How Much Was Monty Norman, Composer Of The James Bond Theme, Worth When He Died?

The song is unmistakable — the original James Bond movie "Dr. No" opens with a gunshot, followed by a cacophonous blast of saxophones and brass instruments (via YouTube). In 1962, Sir Sean Connery made his debut as James Bond, the English spy, and the theme song has become a defining feature of the series, reports the Metro. The song would be featured in eight more 007 movies, even "Sceptre," the most recent Bond flick released in 2015. The composer of the iconic spy theme was Monty Norman, who died on July 11, 2022, at age 94.

Yahoo!News reports that Norman had a passion for music from a young age. He started playing guitar as a teen, and later, he took up singing while he was serving in the Royal Air Force. By the 1950s, Norman began performing with other musicians. But, Norman's big break was when producer Cubby Broccoli asked him to compose the theme song for a new movie to be released in 1962. Norman agreed to create the theme song and the score for "Dr. No," the first-ever James Bond movie.

The lasting success of the James Bond theme

Monty Norman assembled a band of brass musicians, guitar players, and saxophone players after composing the song, the Metro reports. The song's success is legendary, and Norman earned thousands of dollars in royalties from 1976 to 1999, per Yahoo!News.

Metro UK reports that after Norman wrote the Bond theme, he had another musical hit in the 1980s. The musical "Poppy" won the "Best Musical" Olivier award, and was enjoyed by audiences during its year-long run.

In 1997, the Sunday Times had written a story about Norman that claimed he hadn't written the famous tune, and that John Barry had been called in to fix an unworkable score in 1962, according to The Telegraph. Barry claimed that he was offered a small flat fee for overhauling the song, and was told Norman would still receive the credit — and royalties — for the song.

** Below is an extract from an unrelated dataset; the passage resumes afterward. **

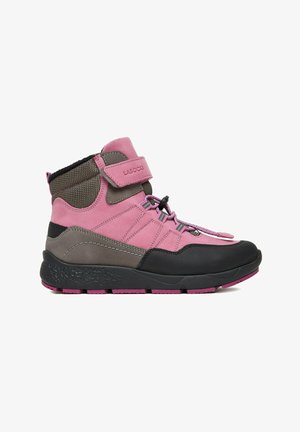 Roze en grijze hoge wandelschoen met zwarte neuskap, verstelbare band, vetervergrendeling en gestructureerde zool.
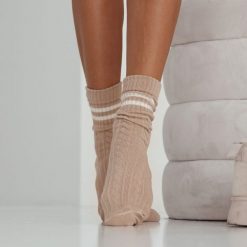 Skarpetki damskie warkocz z paskami 1072 beż. Brązowe skarpetki Milena, bez wzorów, z bawełny. Za 19.90 zł.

The successful libel lawsuit against a newspaper

Monty Norman took offense to the idea that a song that had defined his career for four decades wasn't actually his creation, reports The Telegraph. And in 2001, Norman sued the Sunday Times newspaper for libel. After the jury deliberated, he won his case. The jury agreed with Norman that he was indeed the theme's creator and composer, and awarded him £30,000 ($45,000), according to CNN.

Estimates of Norman's net worth at his time of death vary greatly. Net Worth Post estimates he was worth about $400,000 at his time of death, while Apumone suggests the net worth could be as high as $5 million. Regardless of his net worth (which was certainly bolstered by the longevity of his royalty checks), Norman's famous tune will always be remembered as one of the most iconic melodies to ever grace the silver screen. Perhaps that is worth more than any amount of money.